Questo accadde esattamente
nel giorno della crocifissione di Cristo: Gesù morì alla stessa ora in
cui nel tempio si immolavano gli agnelli per la festa di Pasqua. Secondo la descrizione di Giovanni (10,32-36):
Vennero dunque i soldati e spezzarono le gambe al primo e poi
all'altro, che ara stato crocifisso insieme a lui. Venuti però da Gesù e
vedendo che era già morto, non gli spezzaron le gambe... Questo infatti avvenne
perché si adempisse la Scrittura: Non gli sarà spezzato alcun osso.
Per il Nuovo Testamento, l’agnello
pasquale è il figlio di Dio: Gesù Cristo. Egli, come Agnello di Dio
(Giovanni 1:29; Atti 8:32; 1 Pietro 1:19; Apocalisse 5:6), ha sostituito
l’agnello dell’Antico Testamento che era mangiato la sera della Pasqua ebraica
di ogni anno. I simboli del Nuovo Testamento (pane e vino) sono stati decretati
in modo che i Cristiani possano mangiare il corpo di Cristo e bere il suo
sangue: il vero Agnello di Dio. Luca (22:19) dimostra che Gesù è, quindi, sostituito
con il pane e il vino da prendere annualmente in commemorazione del Suo
sacrificio per la remissione dei nostri peccati: poi, preso il pane, rese grazie, lo spezzò e
lo diede loro dicendo: Questo è il mio corpo, che è dato per voi; fate questo
in memoria di me.”
Il sacrificio di Gesù ha rimpiazzato l’obbligo di uccidere l’agnello di
primavera.
("Ecco l’agnello di Dio, colui che toglie il peccato del
mondo!" Gv 1,29)
Non c’è quindi un vero connubio tra la celebrazione della Pasqua
attuale e l’uccisione di milioni di esseri innocenti. La Festa religiosa non
viene a meno se in tavola non è presente carne di agnello, poiché il vero
Agnello è lo stesso Gesù ed Egli deve essere professato spiritualmente dai credenti con la
fede interiore, con la preghiera, con un rito che non si affianca alla morte di
una creatura partorita da Dio nel quinto giorno della Creazione.

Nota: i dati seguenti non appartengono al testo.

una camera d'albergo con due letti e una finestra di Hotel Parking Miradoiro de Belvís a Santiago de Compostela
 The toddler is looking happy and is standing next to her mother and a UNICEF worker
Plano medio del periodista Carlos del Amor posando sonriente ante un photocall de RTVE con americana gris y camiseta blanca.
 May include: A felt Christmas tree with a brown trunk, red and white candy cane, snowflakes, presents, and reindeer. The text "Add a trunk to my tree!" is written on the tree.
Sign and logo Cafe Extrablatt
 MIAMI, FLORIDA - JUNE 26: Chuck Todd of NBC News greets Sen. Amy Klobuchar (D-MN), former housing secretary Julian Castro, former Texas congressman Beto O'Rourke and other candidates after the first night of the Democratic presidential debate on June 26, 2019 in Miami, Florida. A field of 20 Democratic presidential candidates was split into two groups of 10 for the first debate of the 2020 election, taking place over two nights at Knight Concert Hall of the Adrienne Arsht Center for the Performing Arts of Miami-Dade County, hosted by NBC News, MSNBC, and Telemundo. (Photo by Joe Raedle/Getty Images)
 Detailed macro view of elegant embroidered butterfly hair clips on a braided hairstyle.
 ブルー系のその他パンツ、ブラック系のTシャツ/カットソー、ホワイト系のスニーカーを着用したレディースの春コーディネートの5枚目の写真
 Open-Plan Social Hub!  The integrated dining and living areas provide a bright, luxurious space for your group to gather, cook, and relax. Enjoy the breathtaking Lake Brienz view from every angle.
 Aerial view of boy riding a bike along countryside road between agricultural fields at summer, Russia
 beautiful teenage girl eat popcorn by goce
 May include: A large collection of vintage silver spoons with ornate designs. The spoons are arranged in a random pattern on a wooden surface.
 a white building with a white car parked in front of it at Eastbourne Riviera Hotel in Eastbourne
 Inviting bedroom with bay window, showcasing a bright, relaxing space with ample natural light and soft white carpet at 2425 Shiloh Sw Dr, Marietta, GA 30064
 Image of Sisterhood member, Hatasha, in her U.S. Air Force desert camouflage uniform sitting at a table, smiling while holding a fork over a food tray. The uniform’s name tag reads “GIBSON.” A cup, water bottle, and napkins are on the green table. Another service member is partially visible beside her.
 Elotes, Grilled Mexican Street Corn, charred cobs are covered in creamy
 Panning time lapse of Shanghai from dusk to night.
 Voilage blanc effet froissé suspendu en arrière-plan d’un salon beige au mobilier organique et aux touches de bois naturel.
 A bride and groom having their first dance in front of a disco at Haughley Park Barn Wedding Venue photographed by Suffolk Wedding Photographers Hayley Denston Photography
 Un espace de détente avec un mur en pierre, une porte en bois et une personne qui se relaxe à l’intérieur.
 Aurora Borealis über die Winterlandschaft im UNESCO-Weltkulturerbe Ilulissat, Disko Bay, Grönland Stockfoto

Non confondiamo, dunque, la religione con una tradizione prettamente antropocentrica
che non lascia spazio al vero significato pasquale e pone il contenuto biblico-spirituale
in un secondo piano. La Pasqua significa Risurrezione, quindi essa non deve
essere vanificata dalla morte, né intrisa da sangue innocente.
Chiediamo di riflettere su queste parole e di porre la Vita al
centro dei propri pensieri e della personale celebrazione del giorno di Pasqua.